Man könne sich die Entwicklung der rechten Szene in seinem Ort wie ein
Pilzgeflecht in der Erde vorstellen. "Das sieht keiner und es kann sich
problemlos im Verborgenen ausbreiten." Deutlich sichtbar wurde es
erstmals im Oktober 2014, als die Facebook-Gruppe "Heidenau-Hört-Zu"
gegründet wurde. Damals gab es erstmals Gerüchte, dass Asylbewerber in
der Stadt untergebracht werden sollen.
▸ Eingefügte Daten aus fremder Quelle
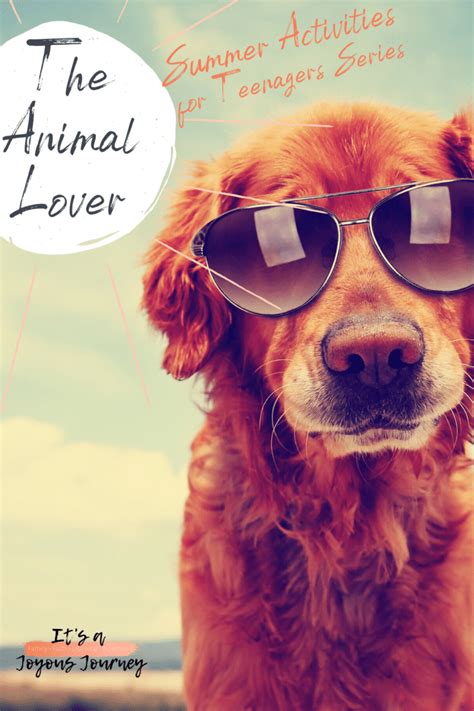 Summer Activities For Teenagers Series The Animal Lover Its A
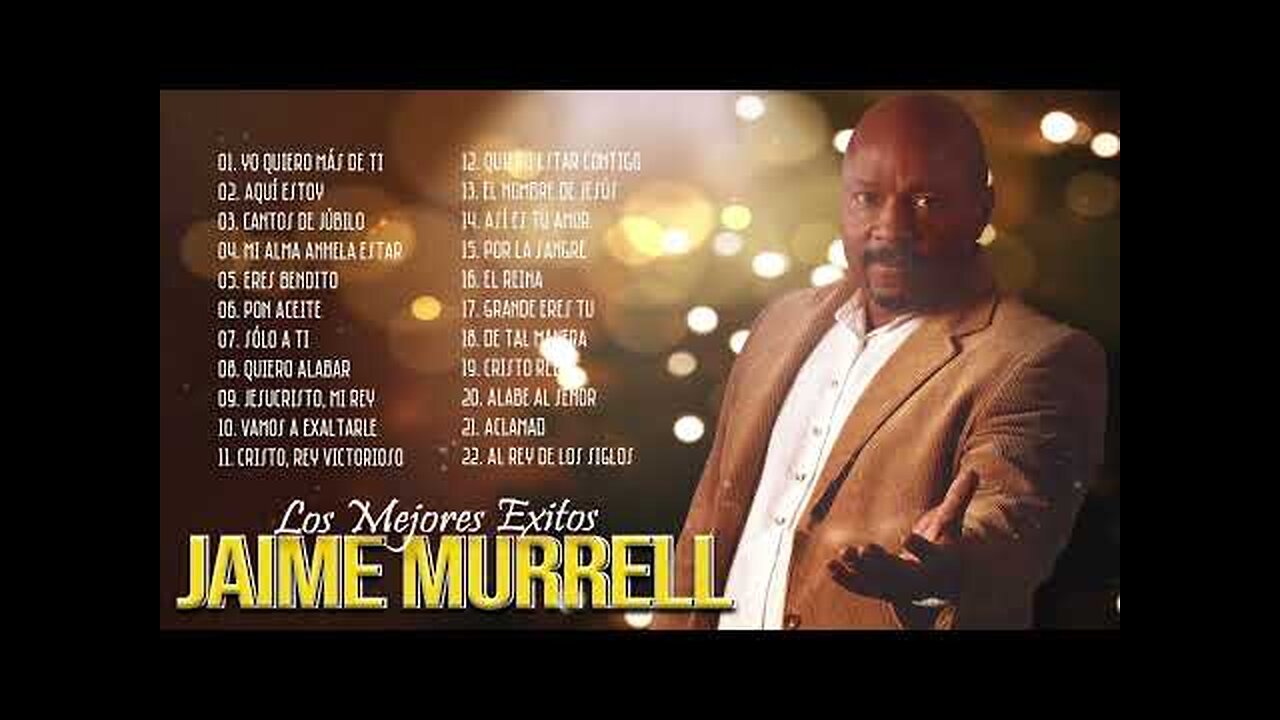 Jaime Murrel - Sus Mejores Canciones Grandes Exitos Mix - Alabanza Musica Cristiana.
Beiträge wie "Nein zum Heim"
werden in der Gruppe geteilt.
Bei der Kommunalwahl am 24. Mai zog Rico Rentzsch (27) als einziger
NPD-Kandidat in den Stadtrat ein. "Solchen Leuten", sagt Müller,
"begegnet man hier im täglichen Leben nicht." Mit Blick auf die fast 600
Flüchtlinge sagt Müller aber auch: "Man braucht sich nicht wundern,
dass die Leute Angst haben. Ich habe nichts gegen Flüchtlinge, aber man
kann die Grenze nicht abschätzen, wo es aufhört." Keiner weiß, was
kommt. Aber fast alle haben Angst davor. Erst am Montagabend gab es in
der Notunterkunft eine Schlägerei. Der Streit begann an der
Essensausgabe, wo sich ein Inder (37) vordrängelte und dabei eine
schwangere Syrerin (29) abdrängte. Als deren Ehemann ihr zur Seite
stand, eskalierte die Situation. Die Polizei beendete die
Auseinandersetzung, gegen sechs Tatverdächtige wird ermittelt.